Notas informativas, infografías, reportajes, vídeos y hasta memes, se han encargado de dar cuenta de las cifras brutales de ejecutados en México, donde hasta diciembre del año pasado, los números indicaron 80 asesinatos por día, según fuentes del propio Gobierno, referidas en medios
nacionales e internacionales.
Y en específico en Veracruz, donde hay un profundo reclamo ciudadano al Gobierno que prometió un cambio, no visto aún, porque las cifras van in crescendo, sólo basta ver los datos del Secretariado Ejecutivo del Sistema Nacional de Seguridad Pública de la Secretaría de Gobernación cuyas estadísticas de “Incidencias delictivas del fuero común”, reportadas por las Procuradurías de Justicia y Fiscalías Generales de las entidades
y por la Procuraduría
General de la República en el fuero federal, dicen que en Veracruz en 2017 hubo 1,641 homicidios dolosos, que divididos entre los 365 soles vistos en un año, arrojan casi 5 muertos por día. Unos días más, otros menos. En diciembre de ese mismo 2017, hubo una fecha en que se habló de un ejecutado cada tres horas. Así de grave, así de intermitente la violencia.

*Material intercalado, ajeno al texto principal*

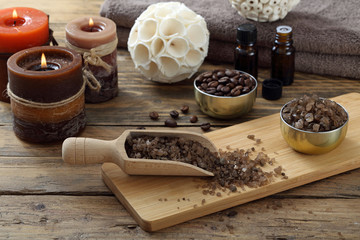 Fototapeta na wymiar aroma terapia candele sali da bagno ed essenze aroma caffe' sfondo rustico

Hablar de muerte no es lindo, expresarían los jóvenes “millennials” y “centennials” de hoy, y en verdad no lo es. Recuerdo cuando leí “Las intermitencias de la muerte”, de José Saramago. Me dejó el ánimo pasmado, perplejo, no sabía qué pensar. Creí, tenía razón sobre el caos humano si un día simplemente dejáramos de morir: “Al día siguiente no murió nadie”, escribió.
Pero así como en la novela todo sale del orden, porque las personas dejan de morir, aún aquellas que estaban en sus últimos momentos, también vemos en la realidad, en la existencia verdadera, la de ayer y hoy en Veracruz y en México, que cuando hay muertes en exceso, hay una vorágine de desconcierto, desorden y angustia, porque el miedo invade las calles, a las
familias, a la sociedad.
“La ausencia de la muerte es el caos, es lo peor que le puede ocurrir a la especie humana, a una sociedad”, dijo el escritor en vida, y agregaría yo: también la presencia de la muerte es el caos, cuando se produce de manera violenta, criminal, y en cifras anormales,
rebasando lo cotidiano.
Cuando lo entrevistaron, sobre su novela, Saramago dijo, “nuestra única defensa contra la muerte es el amor”. Si tan sólo hiciéramos más caso.

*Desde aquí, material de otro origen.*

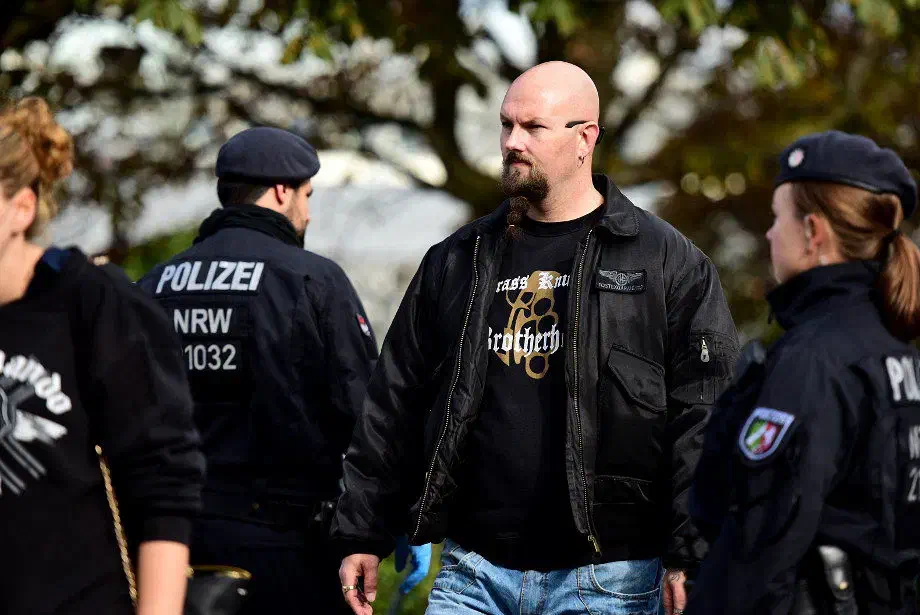 Ein Aktivist des "Brass Knuckle Brotherhood". Die Gruppierung wird in den Niederlanden dem Umfeld von Blood & Honour und Combat 18 zugerechnet.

Ese amor que han predicado muchos: Jesucristo, la Madre Teresa, Gandhi, Juan Pablo II, amor que también está en todas las religiones, y culturas del mundo. Amor, con ataduras o libre como el de Osho. Y porque pese a todo, todavía somos más los buenos que los malos; y seguro es el amor que sí existe, lo que todavía sostiene a este mundo y cura las heridas de la violencia. Como dijo la Madre Teresa: “No necesitamos pistolas para traer la paz, necesitamos amor y compasión”.